▶ **EXERCISE**: Only those lines in the data below from the line containing "potencial. Se os batentes" through the line containing "如何从绍兴前往重庆蚩尤九黎城？门票价格、优惠政策及购票方式一览", both included, should be restated word for word.

--- ENTRIES SUPPLIED ---

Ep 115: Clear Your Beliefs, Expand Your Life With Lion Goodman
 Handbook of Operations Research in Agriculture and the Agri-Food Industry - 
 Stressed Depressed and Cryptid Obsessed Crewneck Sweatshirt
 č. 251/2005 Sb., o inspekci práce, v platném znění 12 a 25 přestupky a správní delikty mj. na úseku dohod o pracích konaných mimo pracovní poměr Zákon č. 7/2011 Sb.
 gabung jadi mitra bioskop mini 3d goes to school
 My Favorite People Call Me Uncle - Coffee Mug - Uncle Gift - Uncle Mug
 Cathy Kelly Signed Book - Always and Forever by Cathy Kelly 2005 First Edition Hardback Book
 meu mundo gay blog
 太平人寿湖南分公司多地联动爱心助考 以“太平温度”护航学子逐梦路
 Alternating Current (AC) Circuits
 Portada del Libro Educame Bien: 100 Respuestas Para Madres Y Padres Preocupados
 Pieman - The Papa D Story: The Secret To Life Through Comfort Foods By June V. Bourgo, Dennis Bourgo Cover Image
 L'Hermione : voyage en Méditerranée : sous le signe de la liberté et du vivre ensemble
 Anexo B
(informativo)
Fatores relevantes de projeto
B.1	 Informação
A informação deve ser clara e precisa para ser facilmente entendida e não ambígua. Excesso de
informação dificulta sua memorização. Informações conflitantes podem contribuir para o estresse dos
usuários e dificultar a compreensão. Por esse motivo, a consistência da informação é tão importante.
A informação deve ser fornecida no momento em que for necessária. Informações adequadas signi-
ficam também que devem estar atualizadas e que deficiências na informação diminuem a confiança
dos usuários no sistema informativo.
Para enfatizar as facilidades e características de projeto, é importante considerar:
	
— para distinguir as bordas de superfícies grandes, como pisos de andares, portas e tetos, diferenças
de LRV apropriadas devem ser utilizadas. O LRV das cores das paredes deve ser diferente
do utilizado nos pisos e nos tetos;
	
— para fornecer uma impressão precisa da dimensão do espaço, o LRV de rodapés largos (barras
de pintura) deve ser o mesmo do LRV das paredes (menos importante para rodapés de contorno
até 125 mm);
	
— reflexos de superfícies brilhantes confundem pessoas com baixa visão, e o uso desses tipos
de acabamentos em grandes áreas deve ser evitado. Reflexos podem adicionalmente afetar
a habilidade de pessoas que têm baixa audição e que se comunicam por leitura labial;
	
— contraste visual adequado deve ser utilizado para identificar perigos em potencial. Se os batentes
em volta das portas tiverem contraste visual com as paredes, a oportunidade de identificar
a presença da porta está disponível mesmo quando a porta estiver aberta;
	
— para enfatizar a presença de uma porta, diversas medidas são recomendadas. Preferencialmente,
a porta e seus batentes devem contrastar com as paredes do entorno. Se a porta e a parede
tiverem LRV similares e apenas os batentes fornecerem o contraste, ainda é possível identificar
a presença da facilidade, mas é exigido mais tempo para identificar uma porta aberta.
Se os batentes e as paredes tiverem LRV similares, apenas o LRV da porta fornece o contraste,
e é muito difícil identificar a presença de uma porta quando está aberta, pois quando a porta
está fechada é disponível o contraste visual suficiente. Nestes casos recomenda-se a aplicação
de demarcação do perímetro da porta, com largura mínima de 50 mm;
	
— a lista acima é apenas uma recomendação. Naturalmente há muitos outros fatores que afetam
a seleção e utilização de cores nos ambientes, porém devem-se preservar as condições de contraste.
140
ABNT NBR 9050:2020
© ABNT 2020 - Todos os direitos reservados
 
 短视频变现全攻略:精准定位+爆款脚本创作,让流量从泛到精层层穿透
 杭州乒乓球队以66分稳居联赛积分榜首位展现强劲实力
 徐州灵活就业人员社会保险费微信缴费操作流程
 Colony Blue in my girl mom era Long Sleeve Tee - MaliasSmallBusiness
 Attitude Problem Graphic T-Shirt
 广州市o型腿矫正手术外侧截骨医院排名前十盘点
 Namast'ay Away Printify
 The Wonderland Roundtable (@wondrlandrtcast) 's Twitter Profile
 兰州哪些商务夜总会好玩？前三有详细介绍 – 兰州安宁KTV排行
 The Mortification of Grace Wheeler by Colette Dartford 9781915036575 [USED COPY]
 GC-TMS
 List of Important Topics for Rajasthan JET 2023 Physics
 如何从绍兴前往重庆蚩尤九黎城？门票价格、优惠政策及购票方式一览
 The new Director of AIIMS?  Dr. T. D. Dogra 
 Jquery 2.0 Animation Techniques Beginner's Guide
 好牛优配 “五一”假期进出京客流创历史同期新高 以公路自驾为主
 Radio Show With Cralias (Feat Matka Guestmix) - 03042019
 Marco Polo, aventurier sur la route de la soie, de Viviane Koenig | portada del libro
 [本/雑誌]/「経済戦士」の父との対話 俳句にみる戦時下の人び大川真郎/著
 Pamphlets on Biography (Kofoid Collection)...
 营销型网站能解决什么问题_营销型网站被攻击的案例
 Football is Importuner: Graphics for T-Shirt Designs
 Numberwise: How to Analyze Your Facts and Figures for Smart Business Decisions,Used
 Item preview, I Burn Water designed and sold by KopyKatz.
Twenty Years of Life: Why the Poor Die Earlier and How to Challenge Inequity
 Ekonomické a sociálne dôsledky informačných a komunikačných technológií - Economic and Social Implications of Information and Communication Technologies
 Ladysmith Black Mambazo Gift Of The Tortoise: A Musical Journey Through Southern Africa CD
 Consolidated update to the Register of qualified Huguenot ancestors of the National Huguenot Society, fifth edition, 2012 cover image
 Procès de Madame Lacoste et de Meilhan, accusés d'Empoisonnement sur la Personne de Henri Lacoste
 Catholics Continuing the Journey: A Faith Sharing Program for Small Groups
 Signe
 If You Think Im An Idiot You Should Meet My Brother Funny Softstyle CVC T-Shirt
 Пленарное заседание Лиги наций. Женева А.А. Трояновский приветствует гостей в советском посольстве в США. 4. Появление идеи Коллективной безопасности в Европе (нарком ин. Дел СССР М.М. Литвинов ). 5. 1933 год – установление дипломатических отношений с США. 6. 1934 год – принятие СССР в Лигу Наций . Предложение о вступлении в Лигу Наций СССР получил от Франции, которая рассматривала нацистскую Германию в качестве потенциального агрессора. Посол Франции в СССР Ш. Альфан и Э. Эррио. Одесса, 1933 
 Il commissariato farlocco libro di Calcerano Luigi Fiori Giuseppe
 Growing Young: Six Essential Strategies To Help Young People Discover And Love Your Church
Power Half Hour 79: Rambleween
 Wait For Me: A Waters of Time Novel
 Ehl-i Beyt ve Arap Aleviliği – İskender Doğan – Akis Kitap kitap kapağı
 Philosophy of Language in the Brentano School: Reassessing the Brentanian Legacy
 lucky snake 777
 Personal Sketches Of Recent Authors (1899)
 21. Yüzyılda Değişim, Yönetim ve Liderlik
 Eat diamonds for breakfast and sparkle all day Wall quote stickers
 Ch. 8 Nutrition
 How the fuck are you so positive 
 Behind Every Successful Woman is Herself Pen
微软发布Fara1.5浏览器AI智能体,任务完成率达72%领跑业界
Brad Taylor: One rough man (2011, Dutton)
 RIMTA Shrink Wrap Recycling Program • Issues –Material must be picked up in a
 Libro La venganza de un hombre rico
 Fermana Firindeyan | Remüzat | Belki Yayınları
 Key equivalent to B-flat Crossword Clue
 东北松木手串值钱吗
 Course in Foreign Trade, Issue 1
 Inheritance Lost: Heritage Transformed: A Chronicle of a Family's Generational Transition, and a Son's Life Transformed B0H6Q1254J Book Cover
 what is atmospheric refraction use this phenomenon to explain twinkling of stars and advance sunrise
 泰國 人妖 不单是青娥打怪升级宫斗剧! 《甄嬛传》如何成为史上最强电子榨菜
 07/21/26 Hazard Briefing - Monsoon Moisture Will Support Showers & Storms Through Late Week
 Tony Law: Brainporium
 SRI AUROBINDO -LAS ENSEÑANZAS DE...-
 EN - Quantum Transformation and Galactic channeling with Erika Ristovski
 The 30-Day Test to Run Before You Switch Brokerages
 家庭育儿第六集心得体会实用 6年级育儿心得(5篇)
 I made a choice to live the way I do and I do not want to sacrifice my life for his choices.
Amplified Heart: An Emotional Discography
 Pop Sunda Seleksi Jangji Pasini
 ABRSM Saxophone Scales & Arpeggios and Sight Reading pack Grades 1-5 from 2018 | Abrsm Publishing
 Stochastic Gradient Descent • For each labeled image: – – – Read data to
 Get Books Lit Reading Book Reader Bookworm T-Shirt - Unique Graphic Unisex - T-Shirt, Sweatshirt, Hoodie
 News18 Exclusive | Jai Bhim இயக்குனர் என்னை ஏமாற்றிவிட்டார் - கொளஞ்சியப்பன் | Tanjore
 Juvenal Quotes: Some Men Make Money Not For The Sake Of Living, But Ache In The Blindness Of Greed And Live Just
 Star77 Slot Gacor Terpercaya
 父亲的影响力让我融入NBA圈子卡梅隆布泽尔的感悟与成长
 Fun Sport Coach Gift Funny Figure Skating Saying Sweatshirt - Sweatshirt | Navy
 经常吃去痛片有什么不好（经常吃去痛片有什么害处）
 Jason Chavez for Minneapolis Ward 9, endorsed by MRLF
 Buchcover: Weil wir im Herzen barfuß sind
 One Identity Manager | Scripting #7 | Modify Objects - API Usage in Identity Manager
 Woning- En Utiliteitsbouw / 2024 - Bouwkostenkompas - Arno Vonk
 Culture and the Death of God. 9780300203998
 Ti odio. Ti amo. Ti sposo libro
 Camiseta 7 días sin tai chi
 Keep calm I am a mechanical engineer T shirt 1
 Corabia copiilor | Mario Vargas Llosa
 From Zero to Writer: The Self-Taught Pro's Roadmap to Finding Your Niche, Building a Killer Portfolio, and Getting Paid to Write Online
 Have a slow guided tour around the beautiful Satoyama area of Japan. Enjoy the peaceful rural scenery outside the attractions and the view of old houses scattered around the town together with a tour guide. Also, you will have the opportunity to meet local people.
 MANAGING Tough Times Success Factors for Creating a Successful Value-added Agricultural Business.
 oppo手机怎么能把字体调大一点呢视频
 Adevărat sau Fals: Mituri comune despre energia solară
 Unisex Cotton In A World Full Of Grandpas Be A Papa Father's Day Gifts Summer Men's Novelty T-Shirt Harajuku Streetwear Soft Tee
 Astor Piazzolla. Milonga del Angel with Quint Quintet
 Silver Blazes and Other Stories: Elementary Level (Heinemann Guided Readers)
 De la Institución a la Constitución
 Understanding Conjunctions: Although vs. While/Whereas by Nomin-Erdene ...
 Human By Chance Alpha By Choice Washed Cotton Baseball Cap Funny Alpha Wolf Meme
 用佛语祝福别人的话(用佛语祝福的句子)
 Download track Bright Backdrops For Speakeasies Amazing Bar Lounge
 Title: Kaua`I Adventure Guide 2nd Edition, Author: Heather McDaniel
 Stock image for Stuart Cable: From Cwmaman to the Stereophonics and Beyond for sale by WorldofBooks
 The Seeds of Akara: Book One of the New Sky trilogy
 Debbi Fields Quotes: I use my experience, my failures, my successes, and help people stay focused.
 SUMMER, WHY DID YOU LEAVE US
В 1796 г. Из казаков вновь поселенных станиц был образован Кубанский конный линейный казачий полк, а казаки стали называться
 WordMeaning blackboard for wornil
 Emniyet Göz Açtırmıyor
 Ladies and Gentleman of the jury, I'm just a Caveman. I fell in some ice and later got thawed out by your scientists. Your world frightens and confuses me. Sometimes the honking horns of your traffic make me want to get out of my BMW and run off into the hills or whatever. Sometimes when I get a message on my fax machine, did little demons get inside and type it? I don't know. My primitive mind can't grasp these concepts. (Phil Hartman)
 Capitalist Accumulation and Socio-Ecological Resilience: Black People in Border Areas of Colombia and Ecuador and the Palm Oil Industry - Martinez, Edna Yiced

---

▶ **OUTPUT FOR THIS TASK**:
— contraste visual adequado deve ser utilizado para identificar perigos em potencial. Se os batentes
em volta das portas tiverem contraste visual com as paredes, a oportunidade de identificar
a presença da porta está disponível mesmo quando a porta estiver aberta;
	
— para enfatizar a presença de uma porta, diversas medidas são recomendadas. Preferencialmente,
a porta e seus batentes devem contrastar com as paredes do entorno. Se a porta e a parede
tiverem LRV similares e apenas os batentes fornecerem o contraste, ainda é possível identificar
a presença da facilidade, mas é exigido mais tempo para identificar uma porta aberta.
Se os batentes e as paredes tiverem LRV similares, apenas o LRV da porta fornece o contraste,
e é muito difícil identificar a presença de uma porta quando está aberta, pois quando a porta
está fechada é disponível o contraste visual suficiente. Nestes casos recomenda-se a aplicação
de demarcação do perímetro da porta, com largura mínima de 50 mm;
	
— a lista acima é apenas uma recomendação. Naturalmente há muitos outros fatores que afetam
a seleção e utilização de cores nos ambientes, porém devem-se preservar as condições de contraste.
140
ABNT NBR 9050:2020
© ABNT 2020 - Todos os direitos reservados
 
 短视频变现全攻略:精准定位+爆款脚本创作,让流量从泛到精层层穿透
 杭州乒乓球队以66分稳居联赛积分榜首位展现强劲实力
 徐州灵活就业人员社会保险费微信缴费操作流程
 Colony Blue in my girl mom era Long Sleeve Tee - MaliasSmallBusiness
 Attitude Problem Graphic T-Shirt
 广州市o型腿矫正手术外侧截骨医院排名前十盘点
 Namast'ay Away Printify
 The Wonderland Roundtable (@wondrlandrtcast) 's Twitter Profile
 兰州哪些商务夜总会好玩？前三有详细介绍 – 兰州安宁KTV排行
 The Mortification of Grace Wheeler by Colette Dartford 9781915036575 [USED COPY]
 GC-TMS
 List of Important Topics for Rajasthan JET 2023 Physics
 如何从绍兴前往重庆蚩尤九黎城？门票价格、优惠政策及购票方式一览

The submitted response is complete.